As the studio behind blockbuster AAA franchises like Halo and Destiny, Bungie is no stranger to the pressures of the gaming industry. That includes the notorious crunch, in which employees work unhealthily long hours in order to meet game milestones and deadlines. With the release of Destiny 2 in 2017, Bungie made a commitment to end mandated crunch periods, but as Head of Engineering Luke Simmons said at the time, “Un-ringing that bell is very difficult.”
Two years into the Destiny 2 life cycle, Bungie is making good on its promise by delaying a planned patch. As reported by GI.biz, Creative Director Luke Smith addressed the delay on a recent charity livestream.
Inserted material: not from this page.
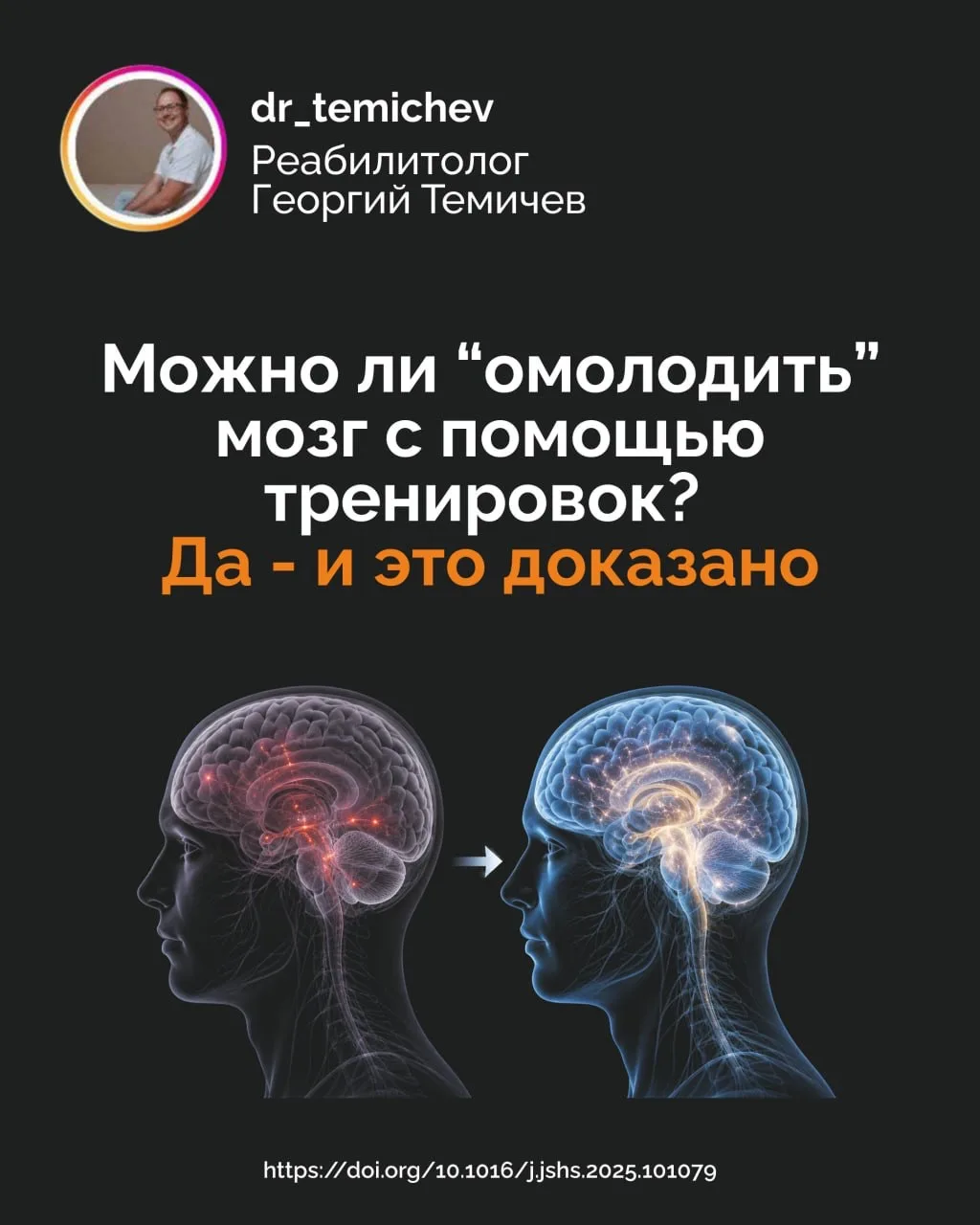 Можно ли “омолодить” мозг с помощью тренировок? 

Да - и это доказано

С возрастом все более остро в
“We could… ask people to work super long and add this thing in,” he said, but ultimately the team felt “preserving work-life balance” and shipping the patch later was the better option. Among other fixes, this update would have balanced out a weapon’s power, a fix players have long asked for.
Refreshingly, this isn’t even the first time in June that a game has been publicly pushed back to avoid crunch. Earlier this month, Nintendo of America President Doug Bowser said that the highly anticipated Switch exclusive Animal Crossing: New Horizons was pushed to March 2020 in order to better serve employees.
Perhaps this is the start of a heartening trend in the gaming industry, but too many studios still rely on brutal working conditions to get products to consumers without costly delays. Of course, those long hours come with a cost of their own; as Timmins said in 2017, the crunch to make Halo 2 almost destroyed Bungie. It’s taken a long time for even a small percentage of studios to realize crunch isn’t worth the human cost, but the industry still has a long way to go towards making these improved working conditions and work-life balance requirements the standard, not the exception.